無代理人:揭開基於LLM的軟體工程代理的神秘面紗
Agentless: Demystifying LLM-based Software Engineering Agents
July 1, 2024
作者: Chunqiu Steven Xia, Yinlin Deng, Soren Dunn, Lingming Zhang
cs.AI
摘要
近年來,大型語言模型(LLMs)的最新進展顯著推動了軟體開發任務的自動化,包括代碼合成、程序修復和測試生成。最近,研究人員和業界從業者開發了各種自主的LLM代理,以執行端到端的軟體開發任務。這些代理具備使用工具、運行命令、觀察環境反饋以及規劃未來行動的能力。然而,這些基於代理的方法的複雜性,加上當前LLMs的能力有限,引發了以下問題:我們是否真的需要使用複雜的自主軟體代理?為了嘗試回答這個問題,我們建立了Agentless - 一種無代理的方法來自動解決軟體開發問題。與基於代理的方法冗長且複雜的設置相比,Agentless採用了一個簡單的兩階段過程,即本地化後修復,而不讓LLM決定未來行動或使用複雜工具。我們在流行的SWE-bench Lite基準測試上的結果顯示,令人驚訝的是,簡單的Agentless能夠實現最高性能(27.33%)和最低成本(\$0.34),相較於所有現有的開源軟體代理!此外,我們手動對SWE-bench Lite中的問題進行了分類,發現存在具有確切修補程序或不足/誤導性問題描述的問題。因此,我們通過排除這些問題,構建了SWE-bench Lite-S,以進行更嚴格的評估和比較。我們的工作突顯了在自主軟體開發中一種簡單、可解釋的技術目前被忽視的潛力。我們希望Agentless將有助於重設自主軟體代理的基準、起點和視野,並激發未來沿著這一重要方向進行的工作。
English
Recent advancements in large language models (LLMs) have significantly
advanced the automation of software development tasks, including code
synthesis, program repair, and test generation.

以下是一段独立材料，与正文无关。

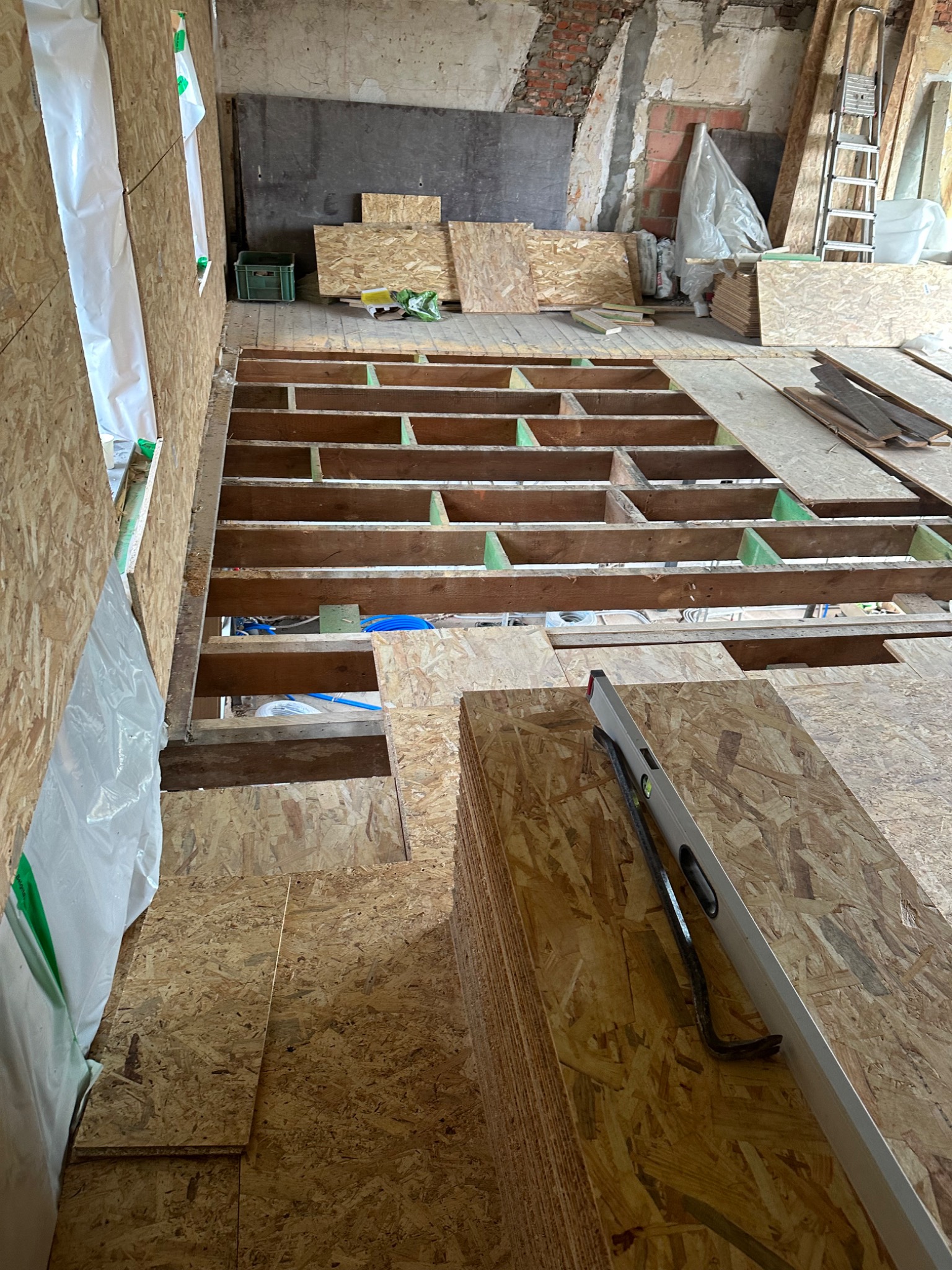 Konstrukcja drewniana podłogi na legarach z widocznymi belkami i płytami OSB, poziomica i łom na stosie płyt, surowe ściany w tle.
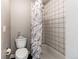 Simple bathroom featuring a toilet and shower/tub combination with a white tile surround at 2280 S Oswego Way # 303, Aurora, CO 80014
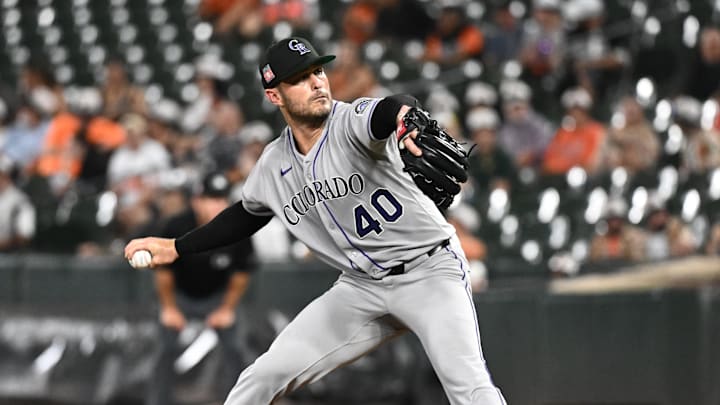 Jul 25, 2025; Baltimore, Maryland, USA;  Colorado Rockies pitcher Tyler Kinley (40) delivers a pitch during the eighth inning against the Baltimore Orioles at Oriole Park at Camden Yards. Mandatory Credit: James A. Pittman-Imagn Images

More recently, researchers and
industry practitioners have developed various autonomous LLM agents to perform
end-to-end software development tasks. These agents are equipped with the
ability to use tools, run commands, observe feedback from the environment, and
plan for future actions. However, the complexity of these agent-based
approaches, together with the limited abilities of current LLMs, raises the
following question: Do we really have to employ complex autonomous software
agents? To attempt to answer this question, we build Agentless -- an agentless
approach to automatically solve software development problems. Compared to the
verbose and complex setup of agent-based approaches, Agentless employs a
simplistic two-phase process of localization followed by repair, without
letting the LLM decide future actions or operate with complex tools. Our
results on the popular SWE-bench Lite benchmark show that surprisingly the
simplistic Agentless is able to achieve both the highest performance (27.33%)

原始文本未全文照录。